═════ STORED DATA

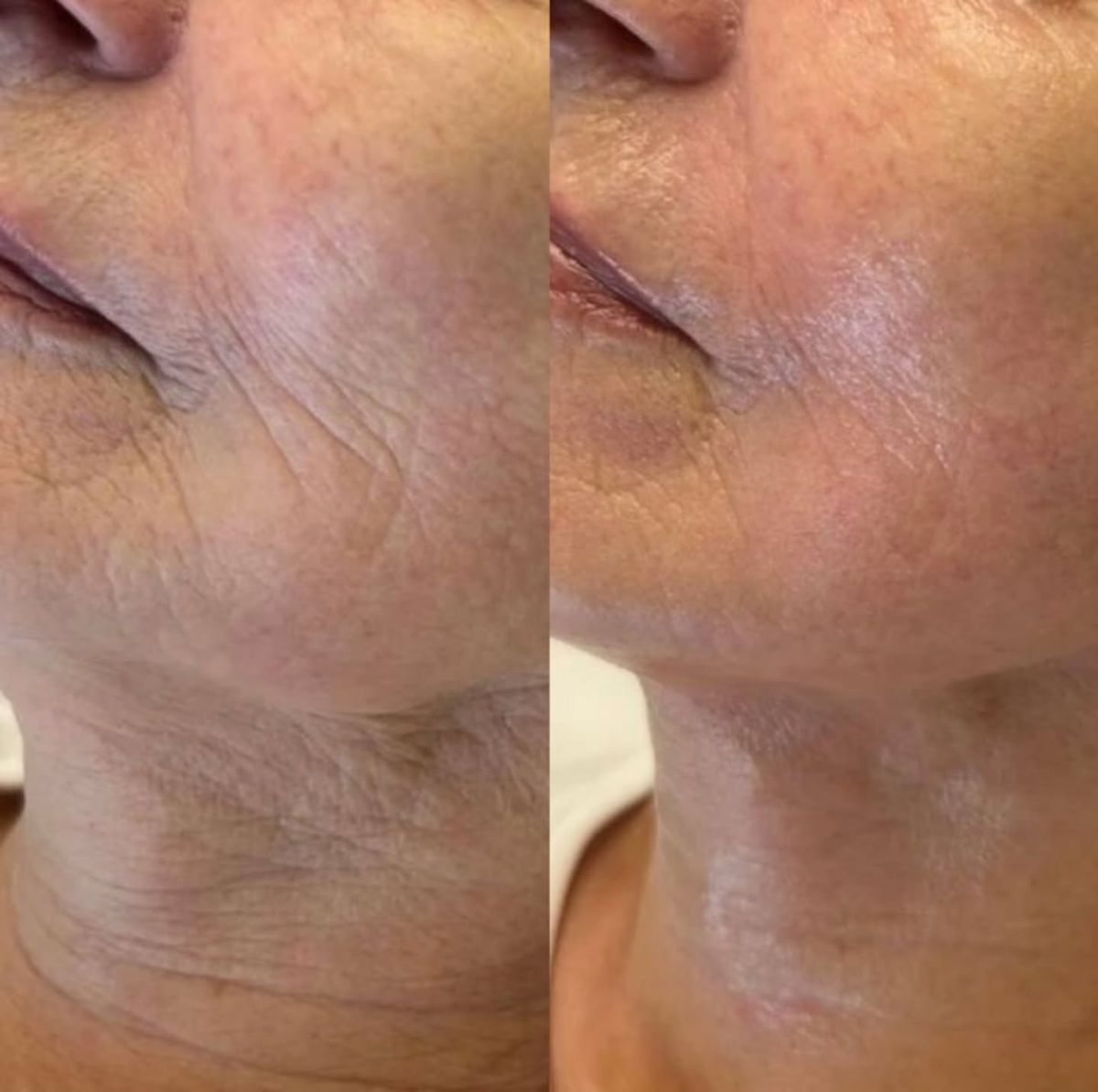 Avant après HydraFace — fermeté ovale et cou, Neuilly-sur-Seine & Paris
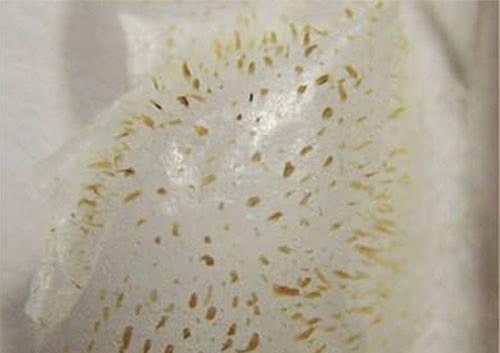 鼻子毛孔粗黑头多,可能是螨虫排泄物造成的,2招来自测有无螨虫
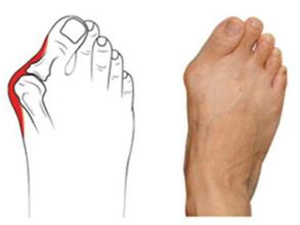 拇外翻患者需知有几种治疗方法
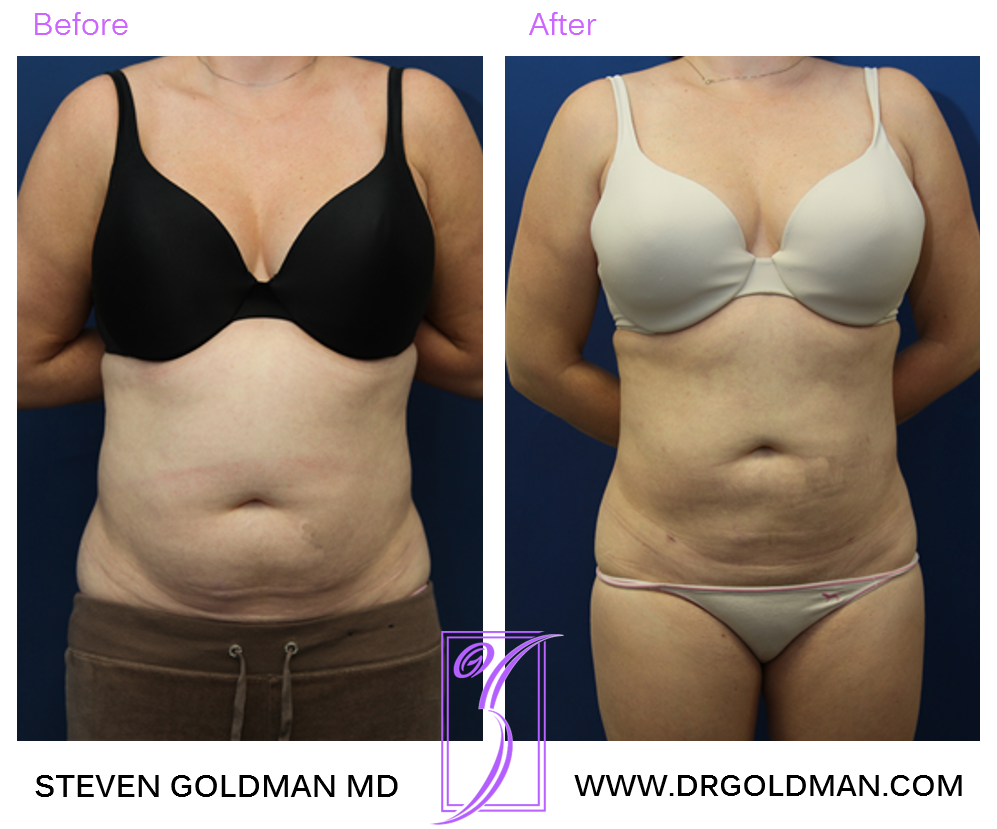 Liposuction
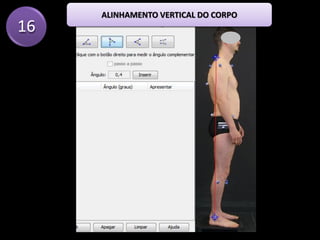 16
ALINHAMENTO VERTICAL DO CORPO
 
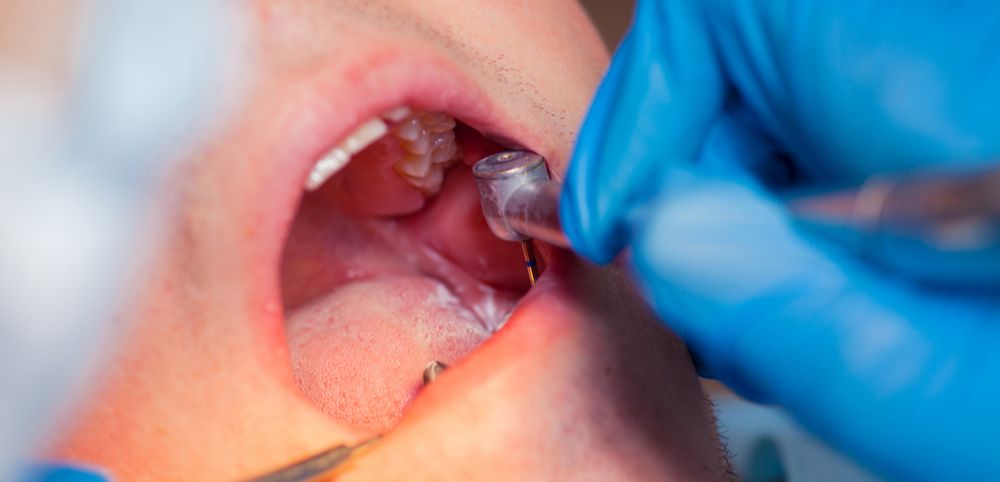 gigi geraham dicabut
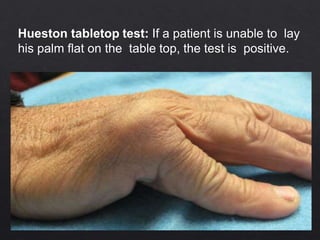 Hueston tabletop test: If a patient is unable to lay
his palm flat on the table top, the test is positive.
 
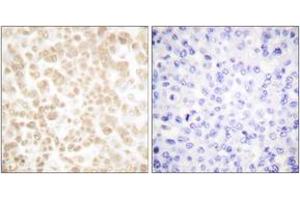 Immunohistochemistry (IHC) image for anti-FOS-Like Antigen 2 (FOSL2) (AA 271-320) antibody (ABIN2889199) (FOSL2 Antikörper  (AA 271-320))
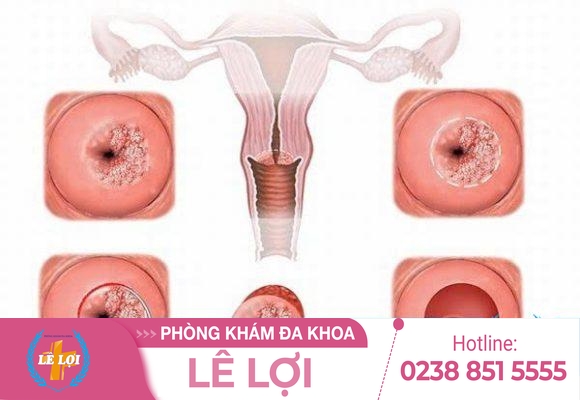 Đốt nang naboth tử cung quy trình và chi phí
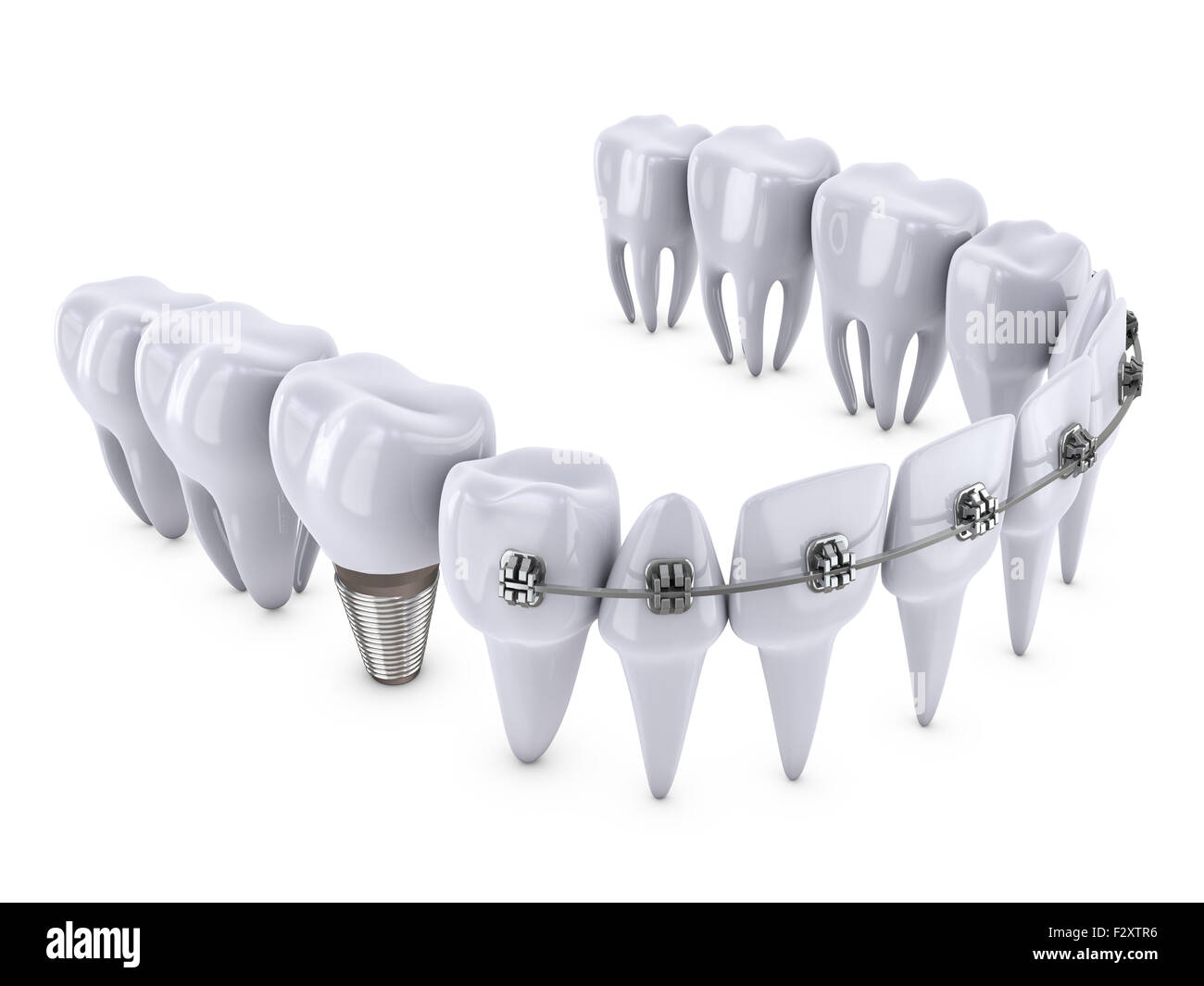 a teeth with braces and dental implants Stock Photo - Alamy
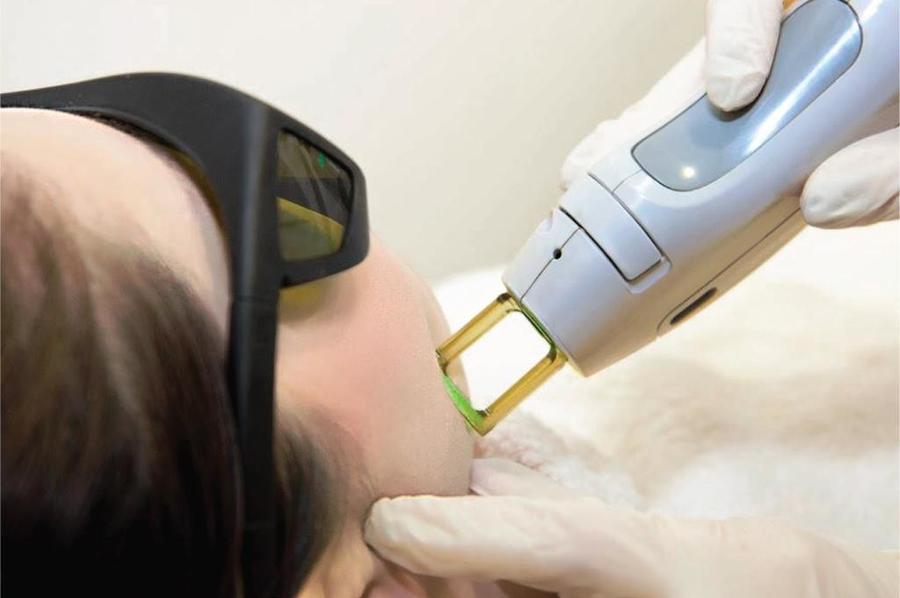 الفرق بين ليزر IPL والليزر الطبي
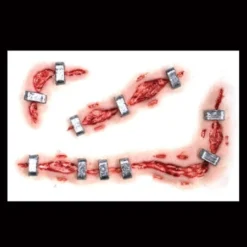 Tinsley Transfers Staplestein Prosthetics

══════════

> **REQUIREMENT**
Write out the entries again, exactly as given, skipping any images.

> **ANSWER FOR THIS EXERCISE**
 Avant après HydraFace — fermeté ovale et cou, Neuilly-sur-Seine & Paris
 鼻子毛孔粗黑头多,可能是螨虫排泄物造成的,2招来自测有无螨虫
 拇外翻患者需知有几种治疗方法
 Liposuction
 16
ALINHAMENTO VERTICAL DO CORPO
 
 gigi geraham dicabut
 Hueston tabletop test: If a patient is unable to lay
his palm flat on the table top, the test is positive.
 
 Immunohistochemistry (IHC) image for anti-FOS-Like Antigen 2 (FOSL2) (AA 271-320) antibody (ABIN2889199) (FOSL2 Antikörper  (AA 271-320))
 Đốt nang naboth tử cung quy trình và chi phí
 a teeth with braces and dental implants Stock Photo - Alamy
 الفرق بين ليزر IPL والليزر الطبي
 Tinsley Transfers Staplestein Prosthetics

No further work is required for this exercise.